Point light reflection visible in plane with a displaced material node

I am using Eevee render enging. As you can see in image I have a point light that is visible in a plane with a displacement modifier. The light reflection is not affected by the modifier so it loos’ks wrong. Therefor I wanted to remove the reflection but I can’t find how this is done. Anybody know this problem?

@Bordewich
In the light settings you can set the specular slider all the way down to 0. This should make the light invisible on any specular material.

But the image you showed looks very weird. This is not supposed to be that way. Could you please share a *.blend File

Here is blend file:
The Thing in house.blend (1.1 MB)

The file you shared did not have a displacement modifier applied to the plane. You are using the Displacement input of the Material Output node along with the Displacement node, but according to the Blender Eevee Manual, the Displacement/Vector Displacement nodes are not supported in Eevee, and the Displacement connector in the Material Output node is “…broken compared to Cycles.” See https://docs.blender.org/manual/en/latest/render/eevee/materials/nodes_support.html

True displacement does seem to be supported by the Displace modifier, but again, I didn’t see one in the file. If you don’t want to go that route, sliding the Specular slider in the lamp’s properties panel to 0.0 will remove the reflection.

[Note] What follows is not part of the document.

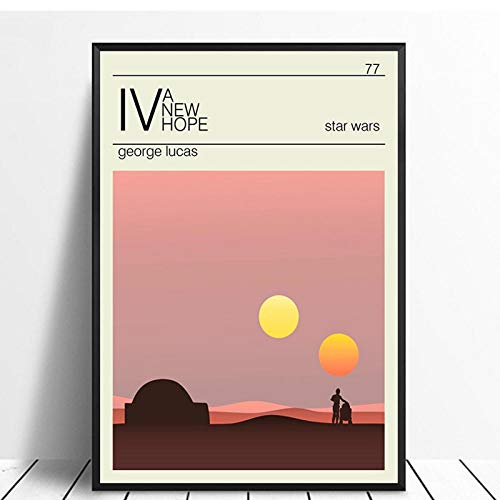 Terilizi Ein Neues Hoffnungsplakat Star Wars Trilogie Minimalistischer Vintage Filmplakat Wohnkultur Wanddekoration Wandkunst Leinwandmalerei Leinwanddruck-50X75Cm Kein Rahmen von Terilizi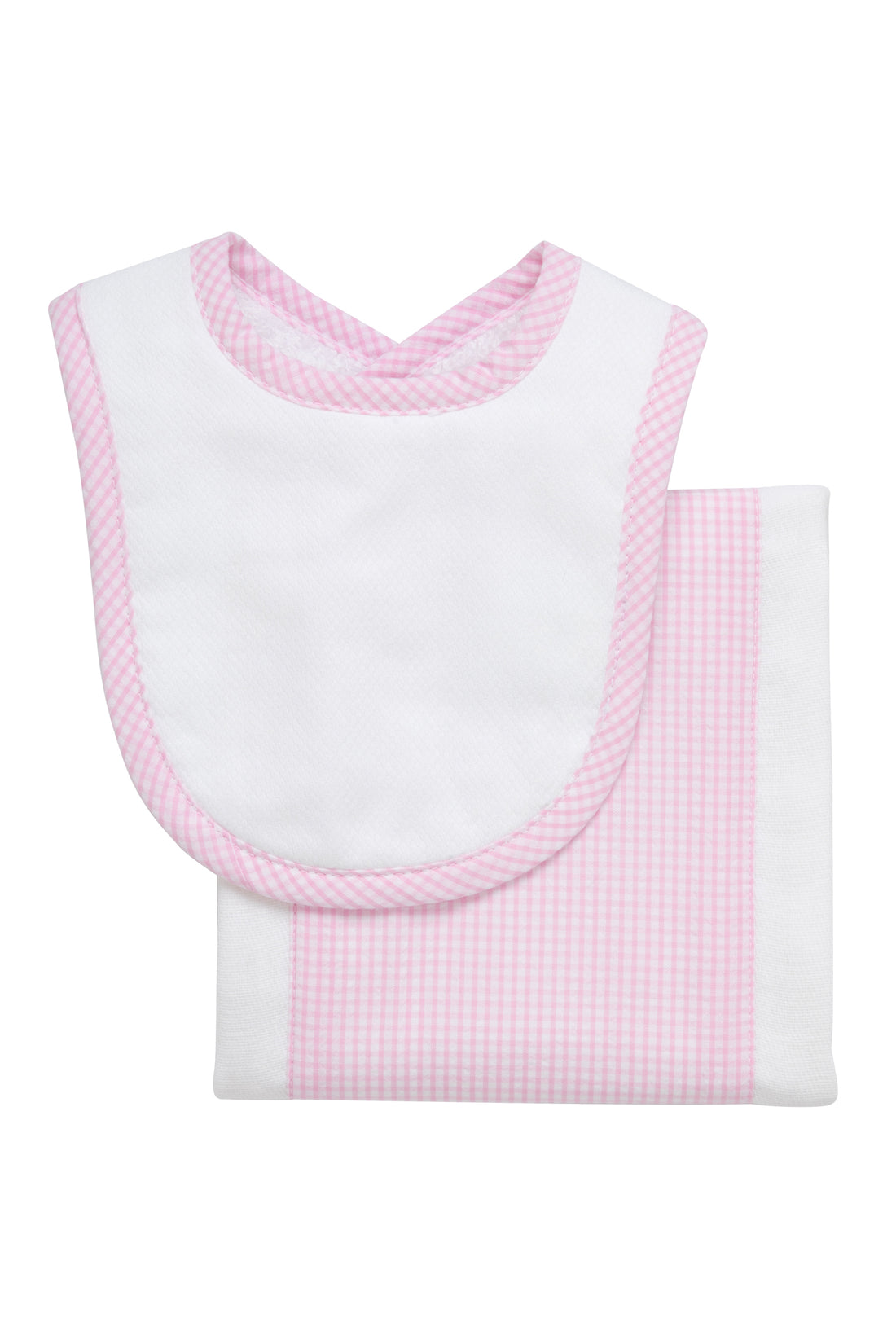 Cotton newborn bib and burp set for baby with pink small gingham check fabric, 3 Marthas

Thank you @Patrick and @Hunkadoodle. Both have provided solutions and good explanations! :star_struck: :smiley:

Anytime! In looking at your file, I saw you were using the wave texture node in your material, and in poking around with the texture editor, I didn’t see a wave texture option in there. If you really want wave texture displacement on your plate, you could generate your own animated displacement texture by assigning the wave texture to a plane, aligning a camera perpendicular to the plane, set your camera projection to orthographic, and render out an image sequence as long as you want. Then apply the image sequence as the texture of a displacement modifier on your plate.

Just remember that true displacement requires a ton of vertices. You’ll need to subdivide your plane a bunch before you get good fidelity on your displaced mesh.